Exercise directions ->
The answer must consist only of the lines from the line with "Sklenice Půllitr bílý" to the line with "New White Asymmetrical", both included, exactly as they stand below.

++++ Data section

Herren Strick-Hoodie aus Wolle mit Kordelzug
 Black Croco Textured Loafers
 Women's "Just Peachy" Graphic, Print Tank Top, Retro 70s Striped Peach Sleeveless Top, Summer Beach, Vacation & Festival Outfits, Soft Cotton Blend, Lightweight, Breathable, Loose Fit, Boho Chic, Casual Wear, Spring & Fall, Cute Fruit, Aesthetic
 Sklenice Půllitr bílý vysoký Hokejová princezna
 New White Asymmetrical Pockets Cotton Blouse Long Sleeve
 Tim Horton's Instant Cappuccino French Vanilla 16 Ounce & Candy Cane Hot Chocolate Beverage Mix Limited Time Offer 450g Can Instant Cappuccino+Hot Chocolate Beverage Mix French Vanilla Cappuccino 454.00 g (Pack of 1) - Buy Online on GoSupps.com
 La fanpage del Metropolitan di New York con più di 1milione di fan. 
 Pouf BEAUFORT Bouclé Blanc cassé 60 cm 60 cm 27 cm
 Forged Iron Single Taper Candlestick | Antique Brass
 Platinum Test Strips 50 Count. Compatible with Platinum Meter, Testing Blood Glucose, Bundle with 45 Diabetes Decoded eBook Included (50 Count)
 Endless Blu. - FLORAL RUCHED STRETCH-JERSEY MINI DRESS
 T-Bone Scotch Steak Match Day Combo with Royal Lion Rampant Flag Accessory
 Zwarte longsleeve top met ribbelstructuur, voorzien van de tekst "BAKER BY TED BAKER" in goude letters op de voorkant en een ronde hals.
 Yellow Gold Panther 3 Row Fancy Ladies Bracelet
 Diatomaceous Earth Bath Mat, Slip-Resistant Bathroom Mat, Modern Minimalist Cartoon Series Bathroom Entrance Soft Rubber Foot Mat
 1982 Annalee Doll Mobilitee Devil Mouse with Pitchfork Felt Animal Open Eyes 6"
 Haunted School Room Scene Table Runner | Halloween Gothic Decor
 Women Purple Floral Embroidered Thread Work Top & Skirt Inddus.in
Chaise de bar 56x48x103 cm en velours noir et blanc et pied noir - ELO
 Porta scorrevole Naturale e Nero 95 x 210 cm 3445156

++++++++

Response ->
 Sklenice Půllitr bílý vysoký Hokejová princezna
 New White Asymmetrical Pockets Cotton Blouse Long Sleeve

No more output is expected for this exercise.